Google doesn’t offer much in the way of vertical resizing, but the horizontal auto scaling story is quickly catching up to the rest.
Microsoft Azure
How do you scale vertically?
Microsoft provides a handful of vertical scaling options. For a virtual server instance, a user can change the instance type in order to get more/less CPU and memory. It appears from my testing that this typically requires a reboot of the server.
Azure users can also add new, empty disks to a given server. It doesn’t appear as if you can resize existing disks.
How do you scale horizontally?
Microsoft, like all clouds, makes it easy to add more virtual instances manually. They also have a horizontal auto scale capability. First, you must put servers into an “availability set” together. This is accomplished by first putting them into the same “cloud service” in Azure. In the screenshot below, seroterscale is the name of my cloud service, and both the two instances are part of the same availability set.
Somewhat annoyingly, all these machines have to be the exact same size (which is the requirement in some other clouds too, minus CenturyLink). So after I resized my second server, I was able to muck with the auto scale settings. Note that Azure auto scale also works by enabling/disabling existing virtual instances versus creating or destroying instances.
Notice that you have two choices. First, you can scale based on scheduled time.
Either by schedule or by metric, you specify how many instances to turn on/off based on the upper/lower CPU threshold. It’s also possible to scale based on the queue depth of a Service Bus queue.
Microsoft gives you a few good options for bumping up the resources on existing machines, while also enabling more servers in the fleet to offset planned or unplanned demand.
Summary
As with my assessment of cloud provisioning experiences, each cloud provider’s scaling story mirrors their view of the world. Amazon has a broad, sophisticated, and complex feature set, and their manual and Auto Scaling capabilities reflects that. CenturyLink Cloud focuses on greenfield and legacy workloads, and thus has a scaling story that’s focused on supporting both modern scale-out systems as well as traditional systems that prefer to scale up. Digital Ocean is all about fast acquisition of resources and an API centric management story, and their basic scaling options demonstrate that. Google focuses a lot on quickly getting lots of immutable resources, and their limited vertical scaling shows that. Their new horizontal scaling service complements their perspective. Finally, Microsoft’s experience for vertical scaling mirrors AWS, while their horizontal scaling is a bit complicated, but functional.
Unless you’re only working with modern applications, it’s likely your scaling needs will differ by application.
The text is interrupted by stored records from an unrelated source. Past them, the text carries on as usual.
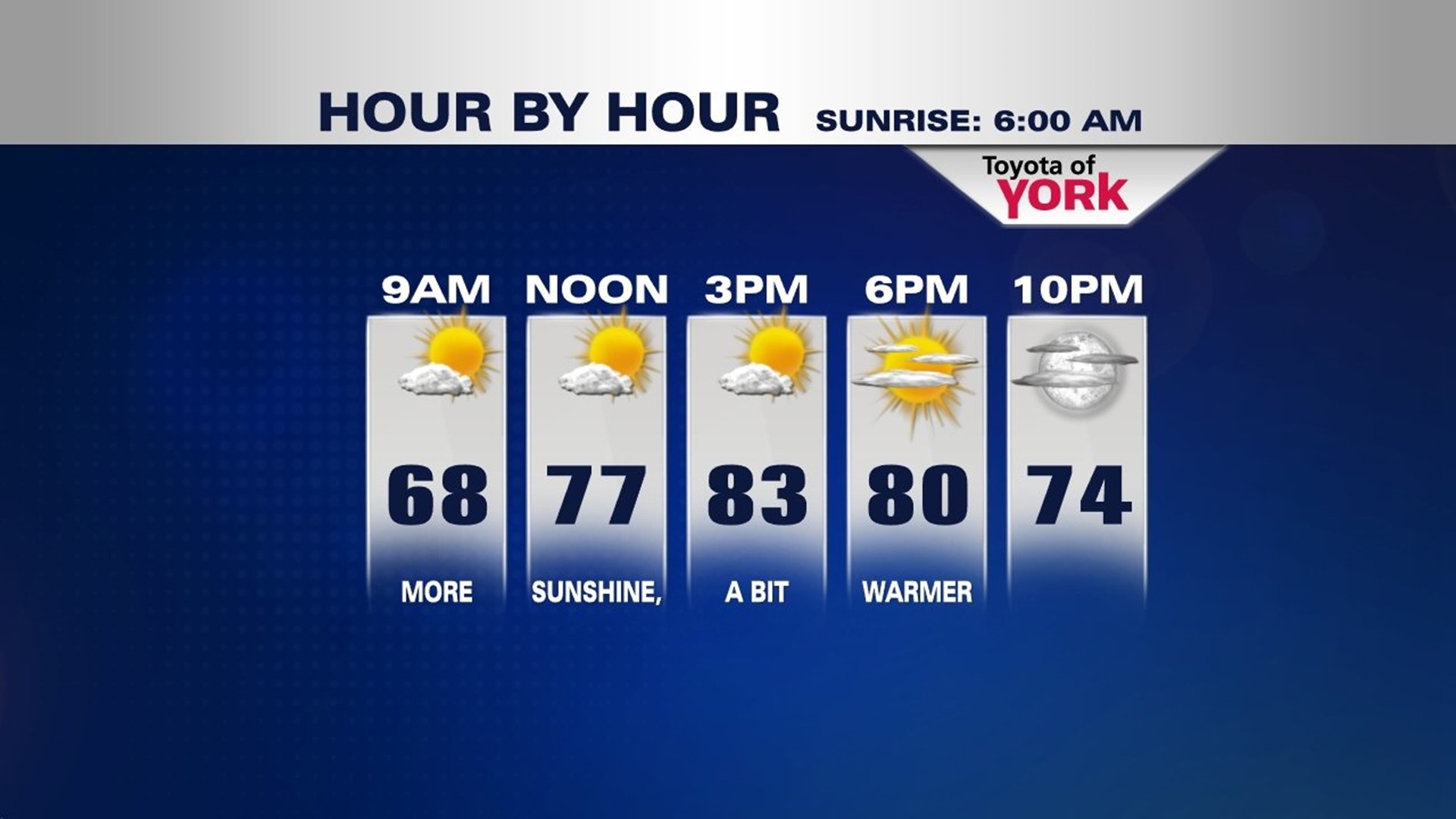 Warmer with more sunshine Friday | fox43.com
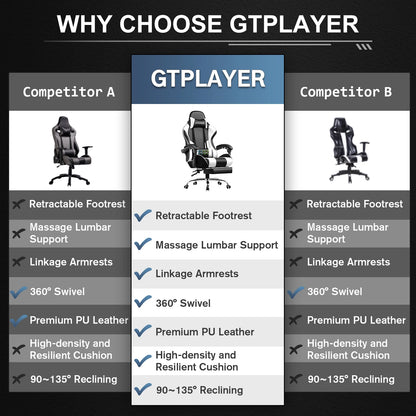 GTPLAYER Gaming Chair with Footrest, Lumbar Support, Swivel Seat,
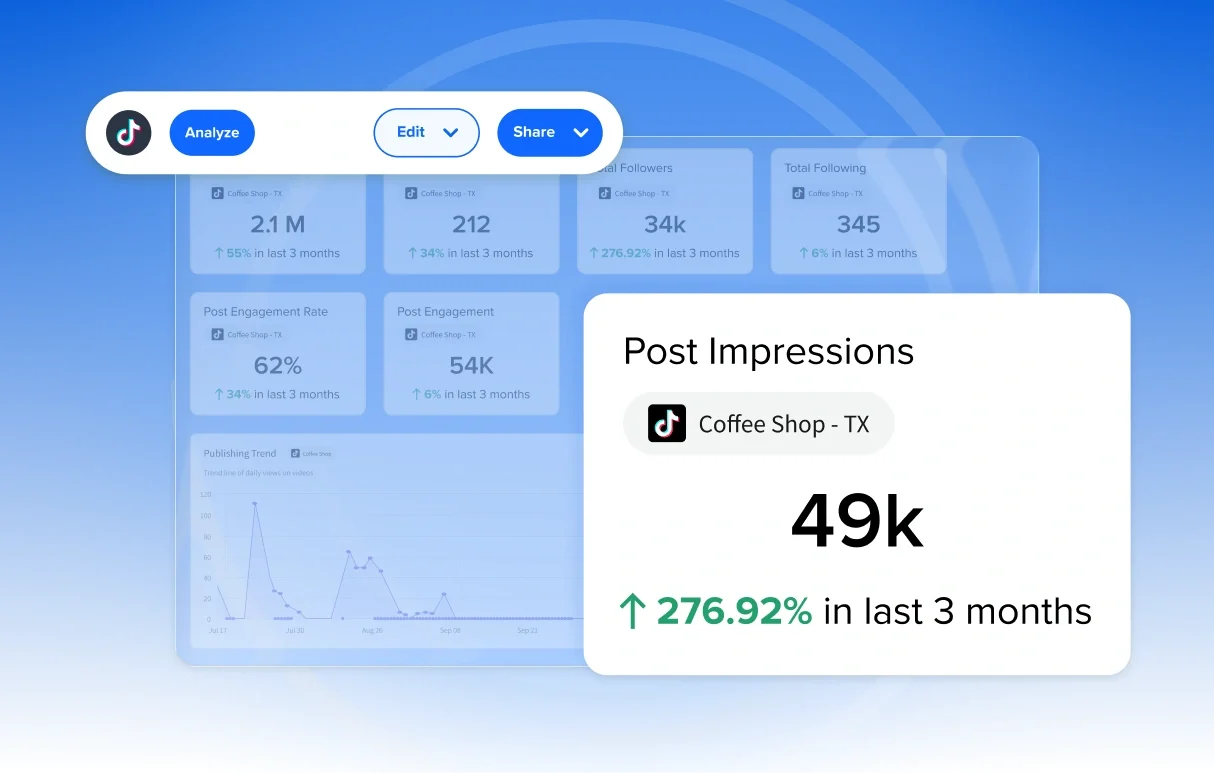 Track Post Impressions Instantly in TikTok Analytics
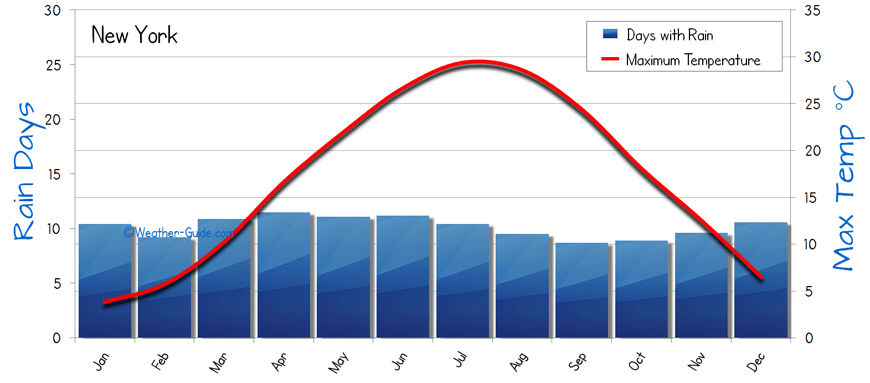 new york monthly weather averages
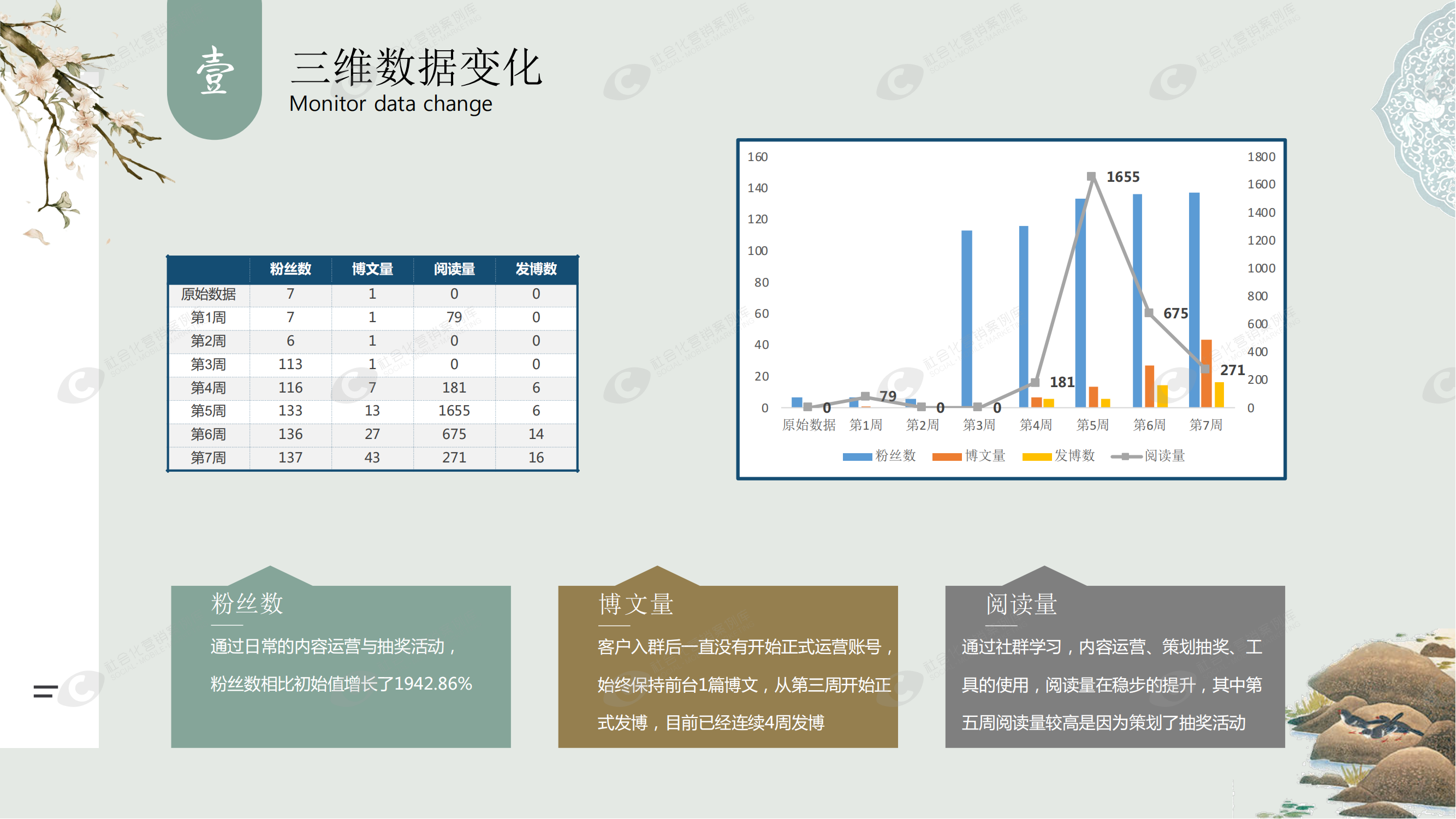 抖圈-为du而生官网入口
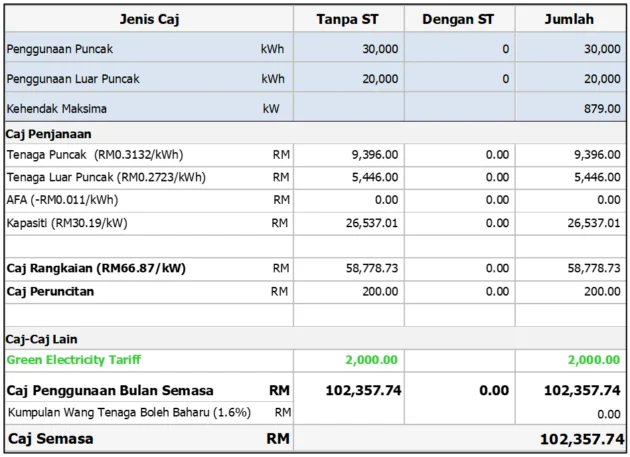 Green Energy Tariff – how to subscribe to GET to avoid paying AFA in your TNB electricity bill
Hopefully this look across providers gave you a sense for the different capabilities out there, and what you might want to keep in mind when designing your systems!
As always, excellent comparison (of course, I didn’t expect anything less :). I was wondering if you did similar analysis for database scaling. We use RDS on AWS and every few weeks we have large ETL jobs. Giving extra oomph to the DB turns out to be bigger pain than I would expect. So, I was wondering if that pain is specific to AWS, or databases in general don’t yield themselves to scaling…
Thanks Felix. I haven’t (yet) run through this exercise on (relational) cloud databases. I’d think the scale would be less linear than using a NoSQL option like Dynamo.